明以后织罗是在带筘织机上进行的,其开口装置虽基本上和前文所讲织两经绞罗时差不多,但因罗织物的组织设计有了进步,又出现了许多新品种,如五梭罗、七梭罗等。在宋应星《天工开物》中,就有关于这些罗织法的记载:“凡罗,中空小路,以透风凉。其消息全在软综(绞综)之中,衮头两扇打综,一软一硬。凡五梭、三梭、最后七梭之后,踏起软综,自然纠转诸经,空路不粘……就丝绸机上织时,两梭轻,一梭重。空出稀路者,名曰秋罗。”

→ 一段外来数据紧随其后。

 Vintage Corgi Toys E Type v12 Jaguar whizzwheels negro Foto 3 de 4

在提花机还没有问世以前,人们织制表面有简单几何图案的织物时,需要根据花纹的设计要求,在脚踏提综开口的织机上安装一定数量的综片,并将每片综都穿入相应的经纱。此后,随着花纹织物的渐趋复杂,需要安装在综片数目从十几片增加到几十片,脚踏杆也随之增多到相同的数目,原来使用的织机已不能适应多综片的装造,于是又出现了一种脚踏开口装置较复杂的多综多蹑〔nie聂〕织机(古时称脚踏杆为蹑)。这种织机的综片数和踏杆数可视需要随意添减,其数目一般在五六十个左右。《西京杂记》有这样一段记载:汉宣帝时“霍光妻遗淳于衍蒲桃锦二十四匹,散花绫二十五匹。绫出钜鹿陈宝光家,宝光妻传其法,霍显召入其第使作之。机用一百二十蹑,六十日成一匹,匹值万钱。”所记120蹑织机是传说中古代织机综片最多者,但此书是一本记述西汉奇闻轶事的笔记小说,其记载不一定可靠,不过它证实了当时普遍使用的织制提花织物的织机,是挂有几十面综的多综多蹑织机这一事实。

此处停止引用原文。